Искандер тоже пришел с Юга, из тех мест, которые греки называли Колхидой. В нашей словесности он представляет своеобразный феномен: нерусская литература на русском языке. Его южная и солнечная проза, как когда-то одесская школа, познакомила нас с другим языком, иной манерой мышления и – самое главное – новой страной на литературной карте. Искандер создал Чегем и стал Колумбом Абхазии.
В этих координатах разворачивается действие раздвоившейся книги. До большевиков Сандро был героем комического эпоса, с приходом советской власти Сандро стал героем плутовского романа. До революции время пребывало в эпической неподвижности. После нее – стремительно движется в газетную действительность, разменяв степенность “времени, в котором стоим”, на хаос времени, в котором мечемся.
Центральный конфликт Искандера – не столк- новение между старым и новым (у Ильфа и Петрова это называлось “верблюд, нюхающий рельсы”), а непримиримое противоречие между новым строем и вечным Чегемом. И ярче всего этот конфликт отражен в личности лучшего героя книги – буйвола по кличке Широколобый. В его образе сосредоточена правда Чегема, ибо, как сказал Искандер, только животные не лгут.
Широколобый – сама архаика. Чтобы читатель ощутил масштаб повествования, Искандеру нужно было отойти далеко назад. Прошлое Чегема простирается уже не в историю, а в природу. (Как у греков: кентавры, минотавры, сфинксы принадлежали наполовину животному царству.) И в эту бездну Искандер погружает своего героя. Все, что думает и переживает буйвол, – поток эпического сознания.
Но Широколобый, как и Сандро, сталкивается с романным слоем повествования, в котором действуют не звери, а люди. Человеческий разум противостоит животному таким образом, что на стороне буйвола, как и предупреждал Искандер, всегда оказывается правда любви, смерти, солнца, земли, воды. А все, о чем думают люди, – фальшь цивилизации, которая приводит к чудовищному преступлению – убийству буйвола, “оправданному” тем, что председатель колхоза выполнит план по мясозаготовкам и даст палачам в награду буйволиную ляжку.

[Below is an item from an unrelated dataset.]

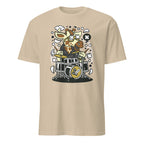 Sand t-shirt with a cartoon cow playing drums on a white background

Контраст между правдой эпоса и газетной действительностью проявляется в сцене встречи буйвола с трактором. “Странность трактора заключалась главным образом в том, что сам он ничего не мог делать или не хотел. Сам он, если его не трогать, все время спал. Он просыпался только тогда, когда на него верхом садился человек”.
Широколобый – тотем Чегема, его патриарх, идеал, ангел-хранитель и семейный, хочется сказать, портрет народа созданной Искандером страны. Ее самодельная карта висит над моим письменным столом. На листке – автограф автора: “С подлинным верно”.
“Когда я хочу, чтобы мне приснился настоящий кошмар, я представляю себе Гоголя, – писал его страстный поклонник, – строчащего на малороссийском том за томом «Диканьки» и «Миргорода»: о призраках, которые бродят по берегу Днепра, водевильных евреях и лихих казаках”.
Набокова можно понять. Считая, что национальными бывают только промыслы, он верил в универсального читателя, живущего всюду и нигде. Собственно, он сам таким был. Его английская проза лишена национальных признаков, которые обычно отличают австралийского писателя от канадского и британского от американского. Впрочем, его русская проза – тоже. Набоков создал эгоцентрический язык, на котором говорить негде и не с кем, кроме автора. Из набоковских книг, не в упрек им, нельзя скроить литературный Диснейленд, который можно – и нужно – было бы соорудить из того же Чегема.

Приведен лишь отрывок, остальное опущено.